----- TASK DATA

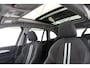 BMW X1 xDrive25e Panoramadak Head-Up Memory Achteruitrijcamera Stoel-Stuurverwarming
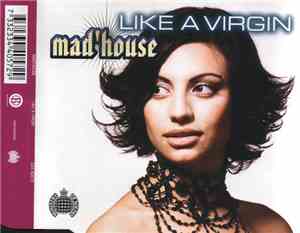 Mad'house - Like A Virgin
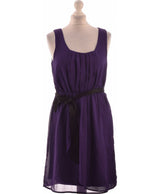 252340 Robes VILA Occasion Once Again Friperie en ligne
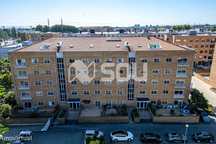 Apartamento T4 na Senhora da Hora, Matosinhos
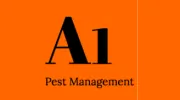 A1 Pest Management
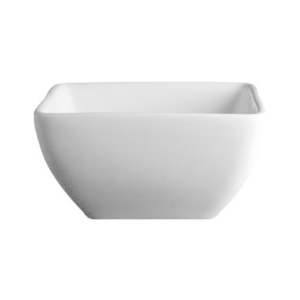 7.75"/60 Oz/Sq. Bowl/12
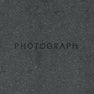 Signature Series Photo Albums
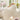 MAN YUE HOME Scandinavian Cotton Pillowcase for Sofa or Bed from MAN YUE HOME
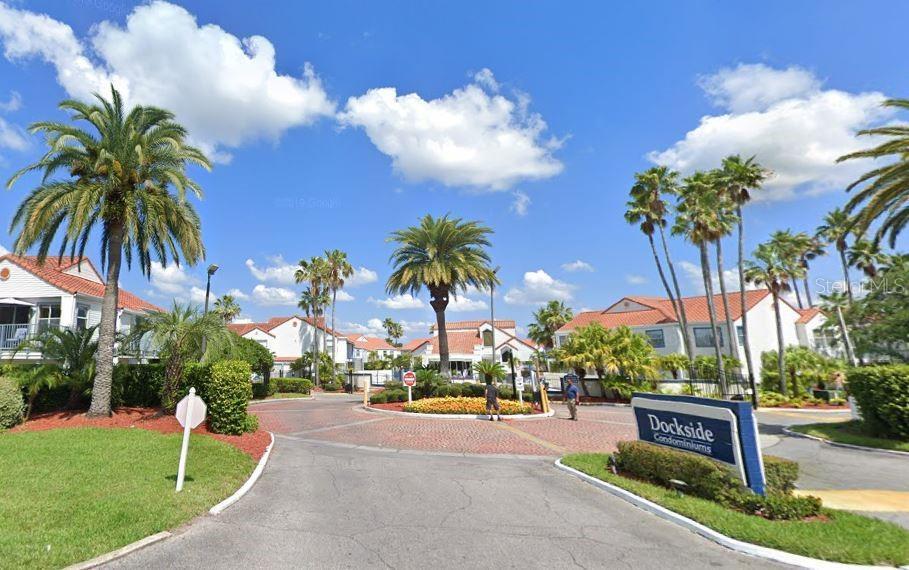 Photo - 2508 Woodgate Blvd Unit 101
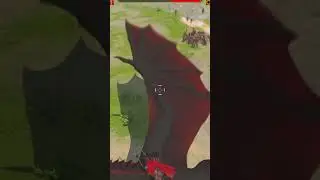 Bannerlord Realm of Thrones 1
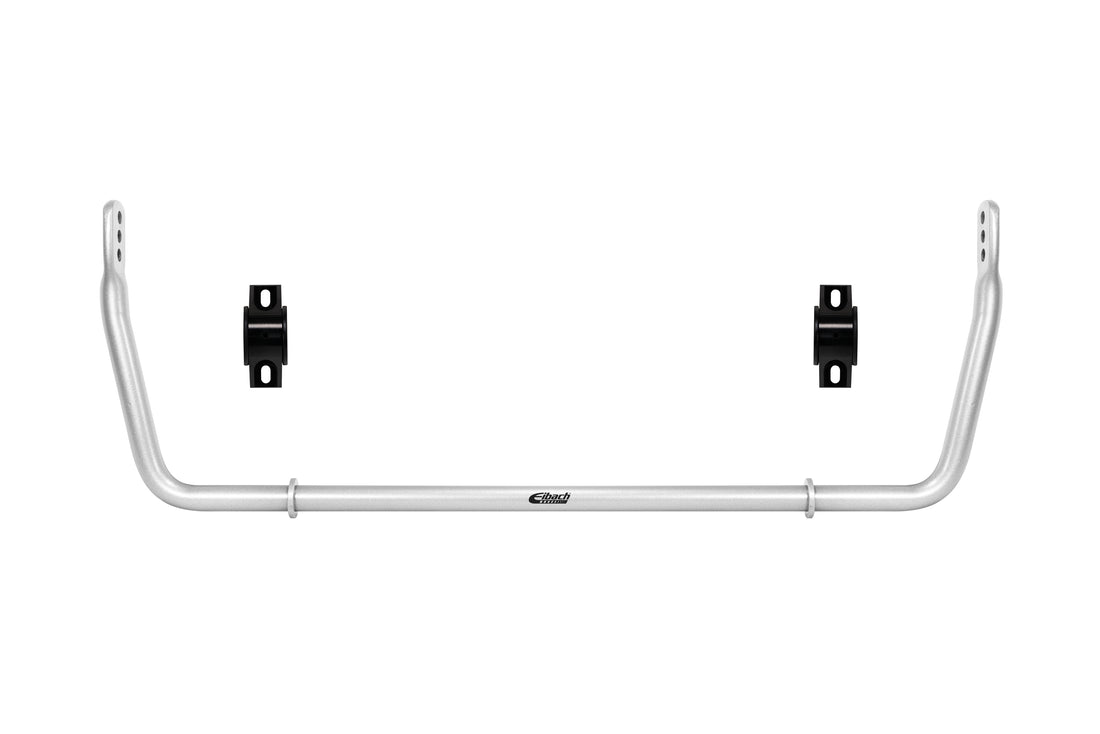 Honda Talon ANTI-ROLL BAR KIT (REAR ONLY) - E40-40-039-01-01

----------

• **BRIEF**
All lines from the one containing "Signature Series Photo Albums" to the last line of the records above, and no others, should be returned unchanged, without pictures.

• **ANSWER TO THE EXERCISE**
 Signature Series Photo Albums
 MAN YUE HOME Scandinavian Cotton Pillowcase for Sofa or Bed from MAN YUE HOME
 Photo - 2508 Woodgate Blvd Unit 101
 Bannerlord Realm of Thrones 1
 Honda Talon ANTI-ROLL BAR KIT (REAR ONLY) - E40-40-039-01-01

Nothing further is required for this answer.